Task to complete
Your copy should begin with the line containing "Sale Photo Thumbnail", end with the line containing "A hotel corridor", match the listing below exactly, and contain no pictures.

Provided records
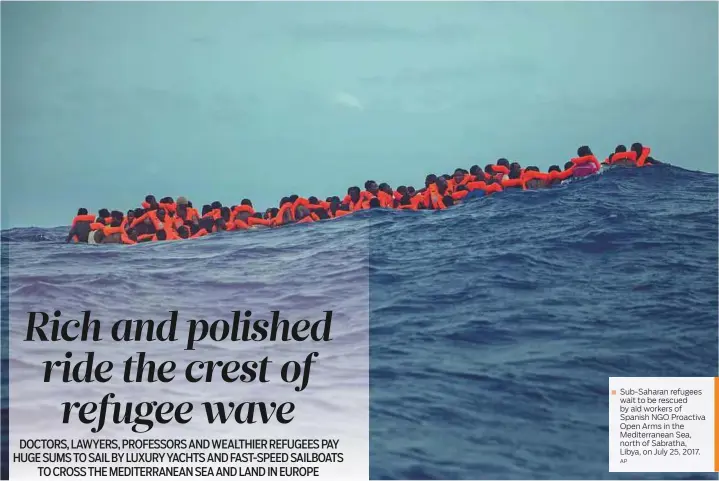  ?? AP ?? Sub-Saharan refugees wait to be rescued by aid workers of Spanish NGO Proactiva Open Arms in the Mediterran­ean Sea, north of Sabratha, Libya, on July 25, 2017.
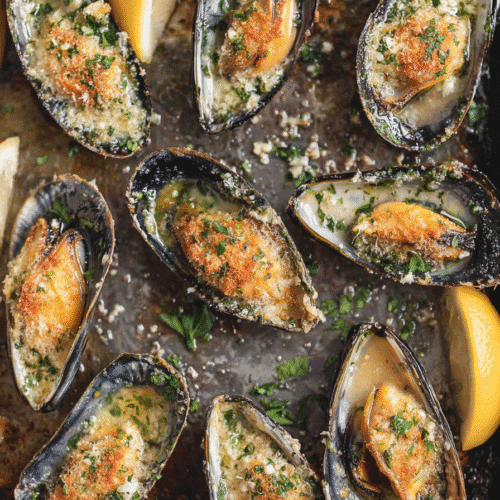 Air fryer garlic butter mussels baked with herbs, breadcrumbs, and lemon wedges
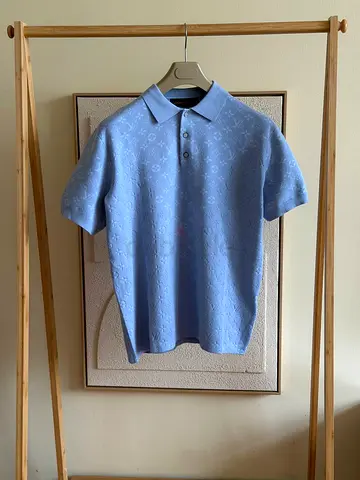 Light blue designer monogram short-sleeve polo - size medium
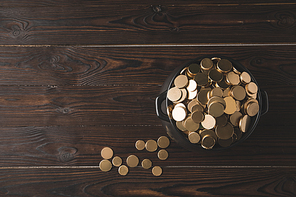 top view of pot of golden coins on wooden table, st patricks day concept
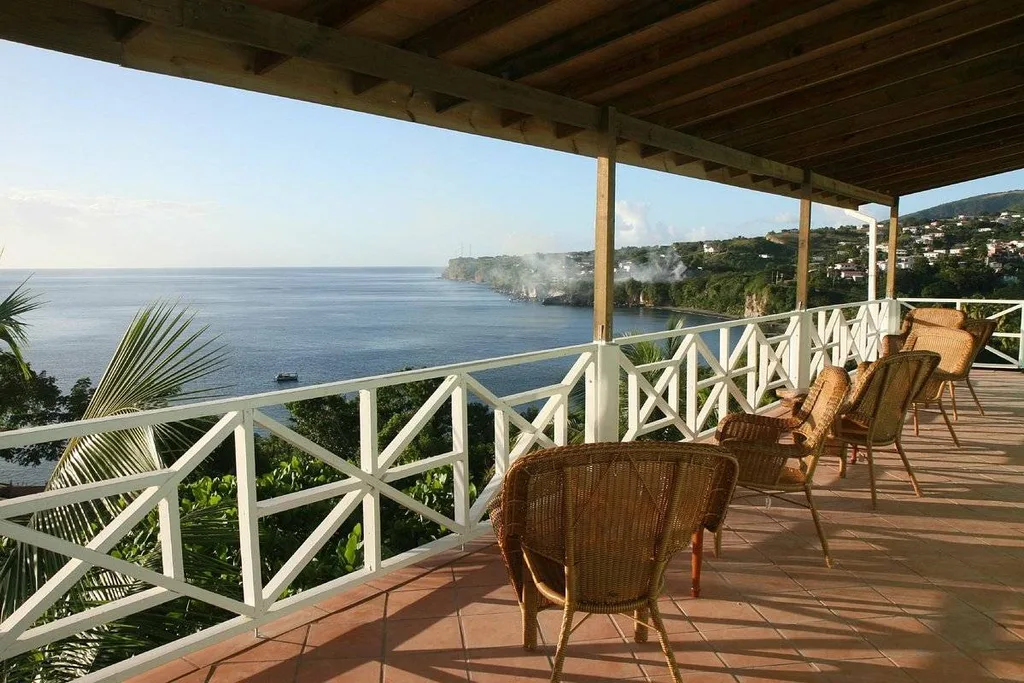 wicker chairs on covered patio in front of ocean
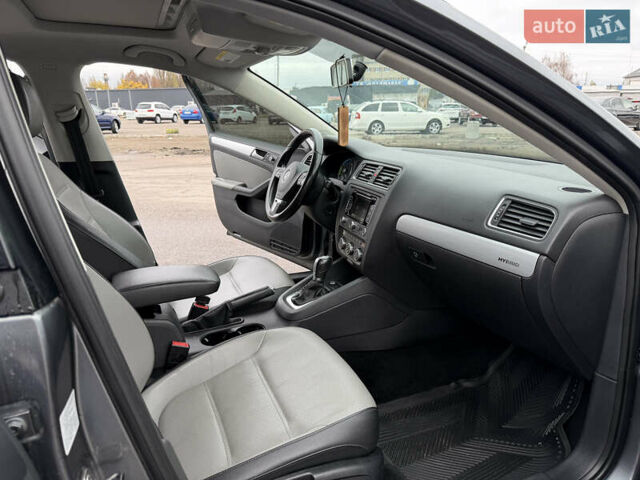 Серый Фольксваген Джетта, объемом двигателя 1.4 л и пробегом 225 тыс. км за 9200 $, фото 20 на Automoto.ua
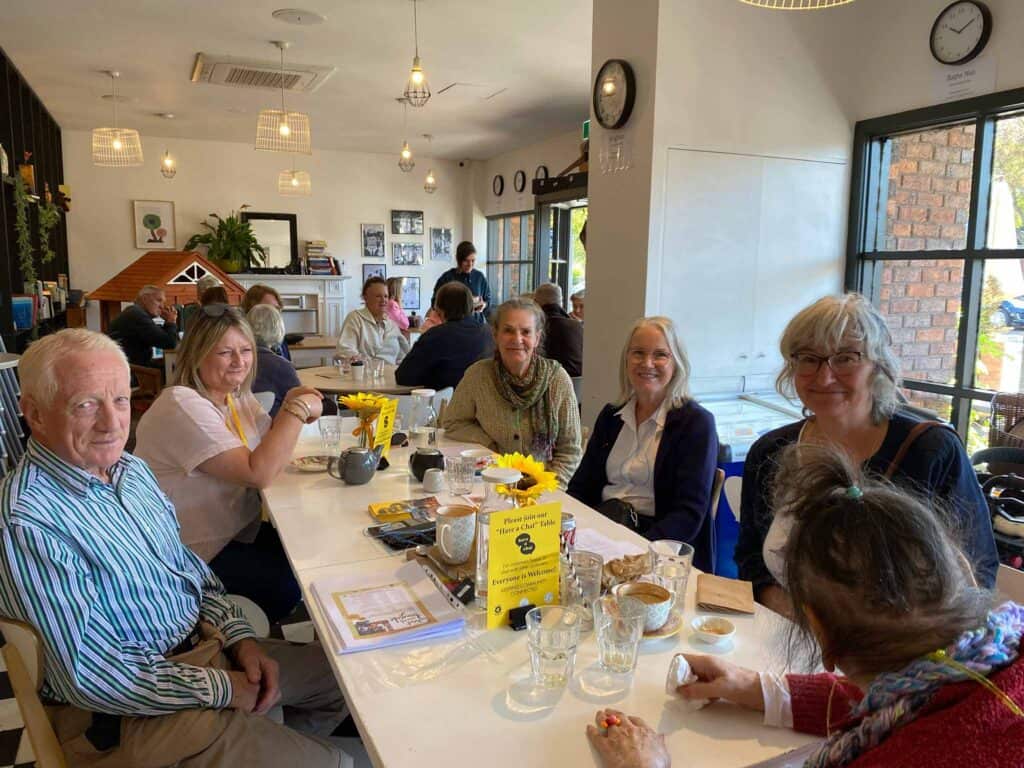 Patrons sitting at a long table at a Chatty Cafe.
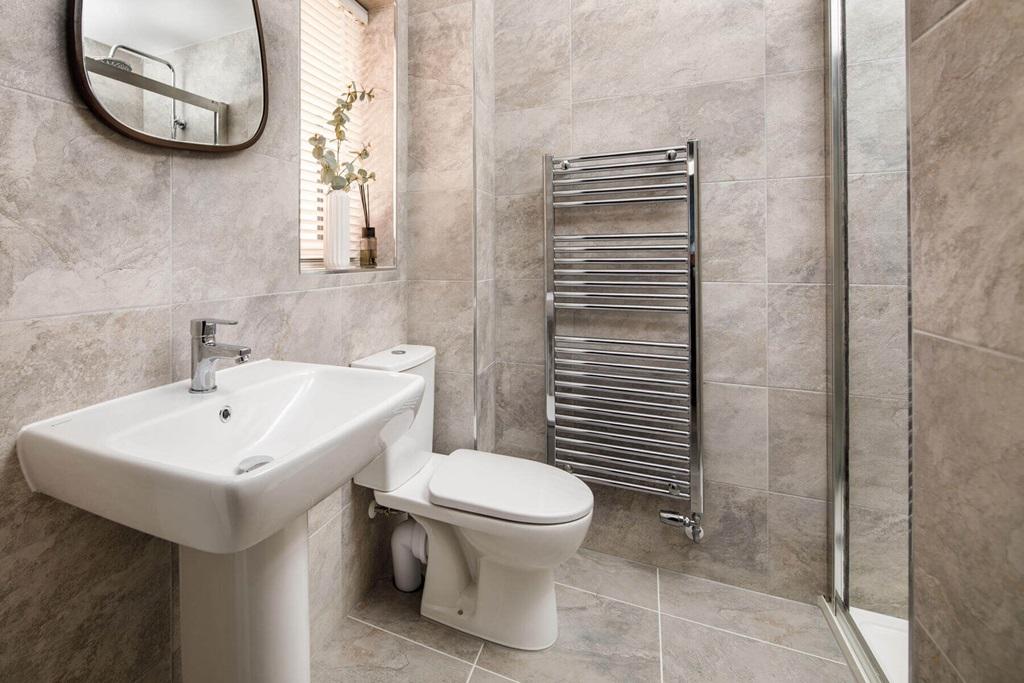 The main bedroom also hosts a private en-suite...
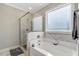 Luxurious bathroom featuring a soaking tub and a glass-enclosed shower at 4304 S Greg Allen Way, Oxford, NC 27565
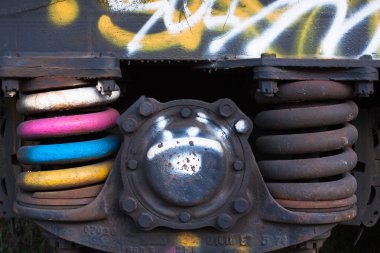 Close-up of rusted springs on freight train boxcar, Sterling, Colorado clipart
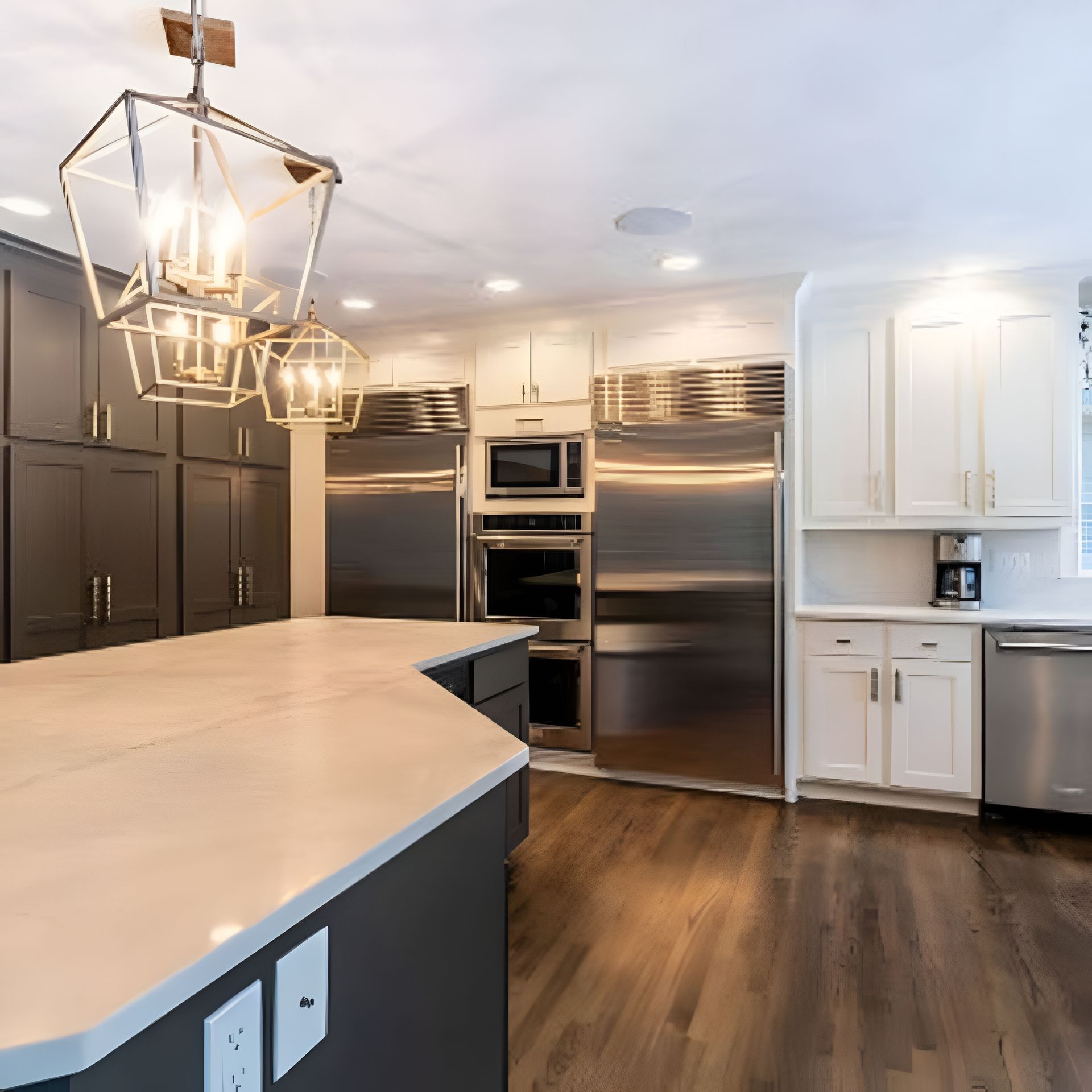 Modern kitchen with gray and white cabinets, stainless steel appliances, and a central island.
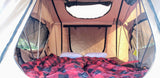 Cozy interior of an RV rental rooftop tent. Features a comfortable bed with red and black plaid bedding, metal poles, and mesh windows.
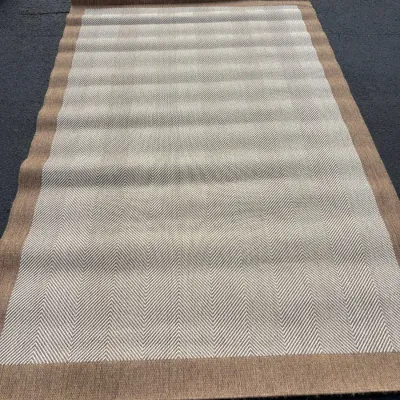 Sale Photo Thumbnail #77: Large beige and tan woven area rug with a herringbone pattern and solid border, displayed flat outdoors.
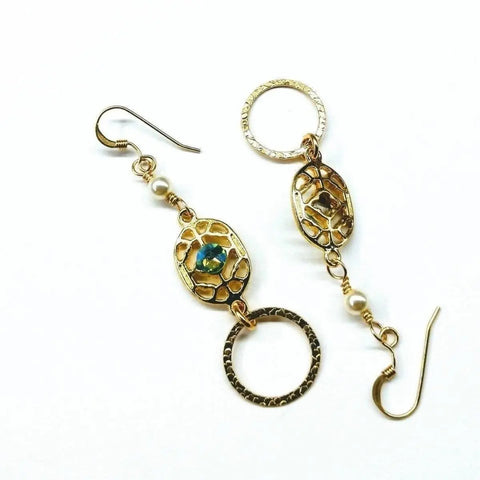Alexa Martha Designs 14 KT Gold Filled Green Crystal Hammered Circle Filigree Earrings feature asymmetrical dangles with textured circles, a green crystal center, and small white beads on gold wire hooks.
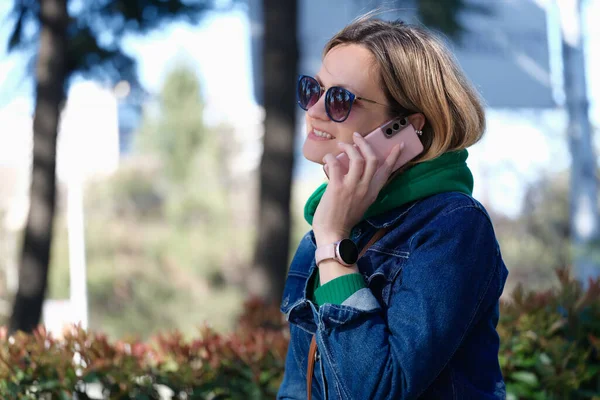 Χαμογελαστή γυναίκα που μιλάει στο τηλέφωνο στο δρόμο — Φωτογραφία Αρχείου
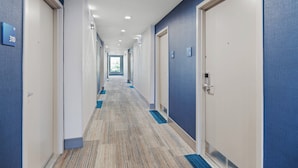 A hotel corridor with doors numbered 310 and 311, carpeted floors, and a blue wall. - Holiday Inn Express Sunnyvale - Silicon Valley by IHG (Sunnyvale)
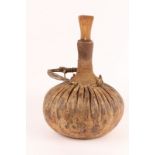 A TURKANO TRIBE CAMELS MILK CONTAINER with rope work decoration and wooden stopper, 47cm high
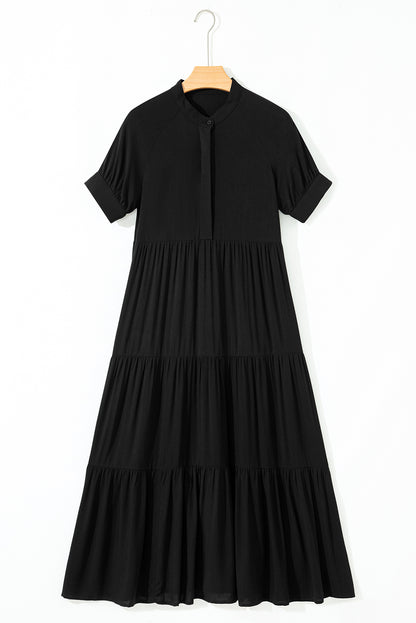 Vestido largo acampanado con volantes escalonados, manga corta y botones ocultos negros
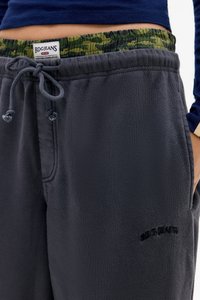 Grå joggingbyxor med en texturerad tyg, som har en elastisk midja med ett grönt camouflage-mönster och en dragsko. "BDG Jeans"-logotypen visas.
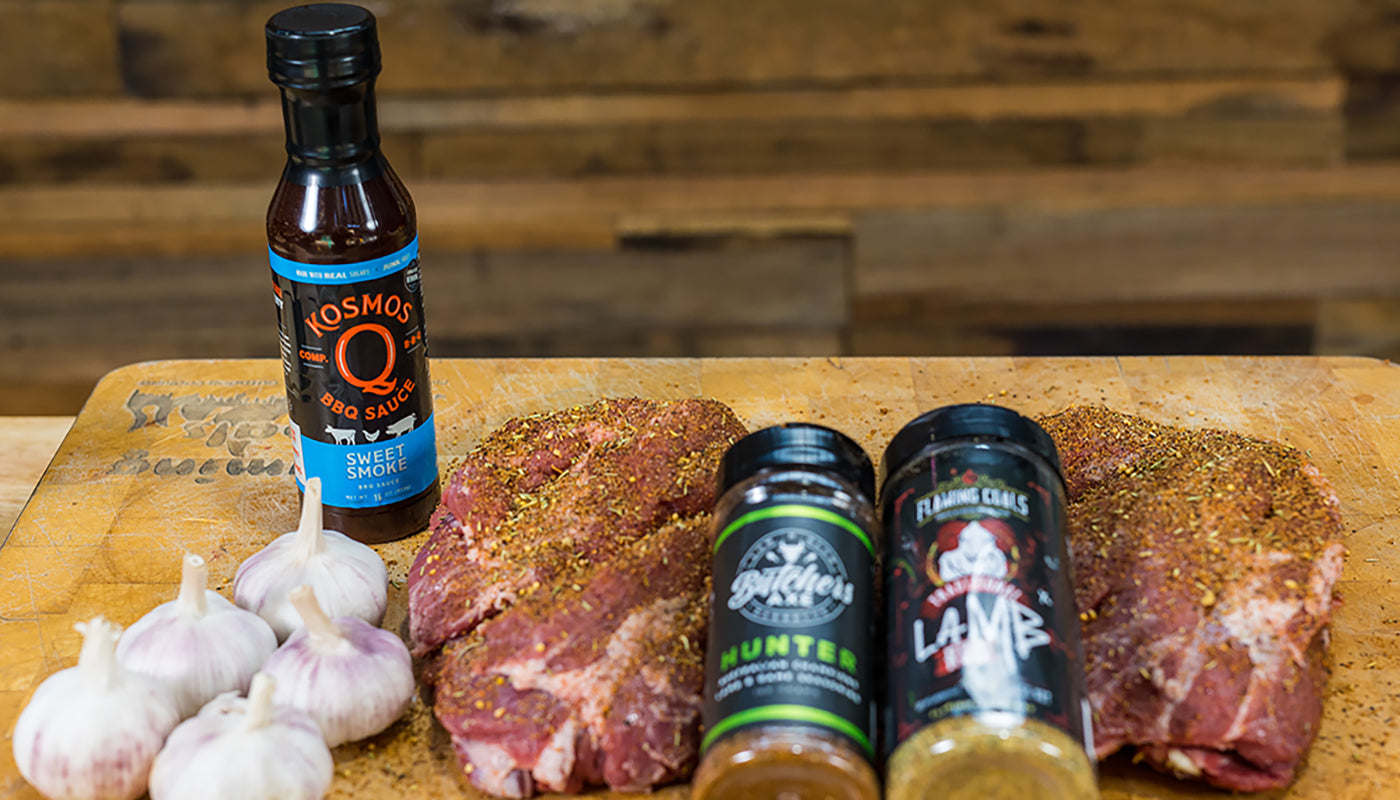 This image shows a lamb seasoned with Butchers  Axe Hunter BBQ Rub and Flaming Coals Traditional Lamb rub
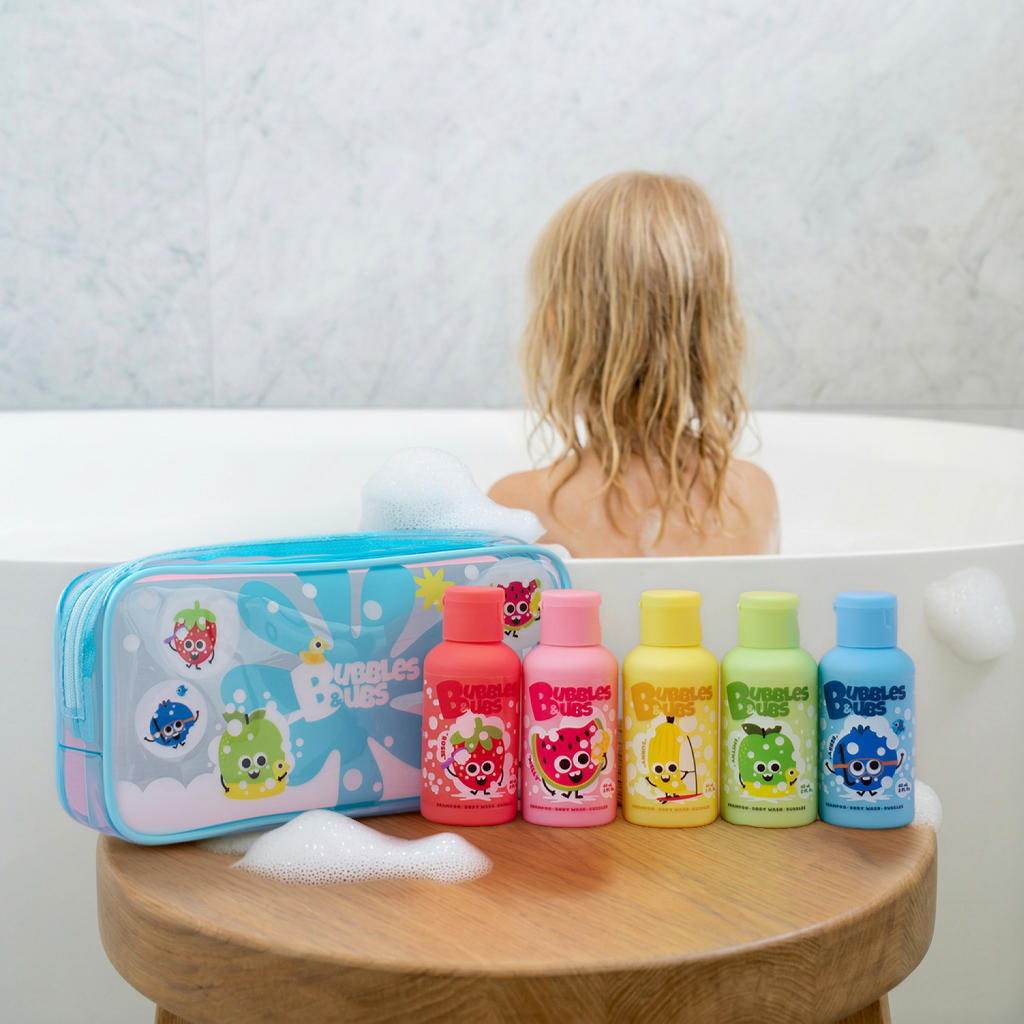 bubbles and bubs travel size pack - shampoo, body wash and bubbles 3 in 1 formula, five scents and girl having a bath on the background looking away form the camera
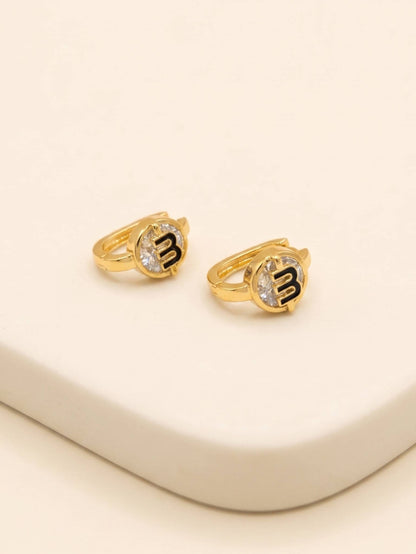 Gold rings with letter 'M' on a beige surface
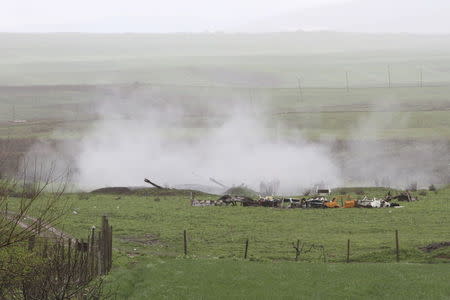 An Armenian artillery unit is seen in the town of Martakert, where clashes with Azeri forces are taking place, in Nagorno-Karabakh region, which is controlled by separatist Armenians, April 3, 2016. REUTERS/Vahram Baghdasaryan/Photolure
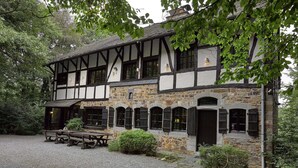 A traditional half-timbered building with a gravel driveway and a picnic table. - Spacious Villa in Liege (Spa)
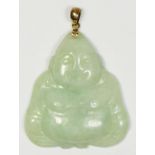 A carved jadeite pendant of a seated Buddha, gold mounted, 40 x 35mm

Exercise solution
 Sale Photo Thumbnail #77: Large beige and tan woven area rug with a herringbone pattern and solid border, displayed flat outdoors.
Alexa Martha Designs 14 KT Gold Filled Green Crystal Hammered Circle Filigree Earrings feature asymmetrical dangles with textured circles, a green crystal center, and small white beads on gold wire hooks.
 Χαμογελαστή γυναίκα που μιλάει στο τηλέφωνο στο δρόμο — Φωτογραφία Αρχείου
 A hotel corridor with doors numbered 310 and 311, carpeted floors, and a blue wall. - Holiday Inn Express Sunnyvale - Silicon Valley by IHG (Sunnyvale)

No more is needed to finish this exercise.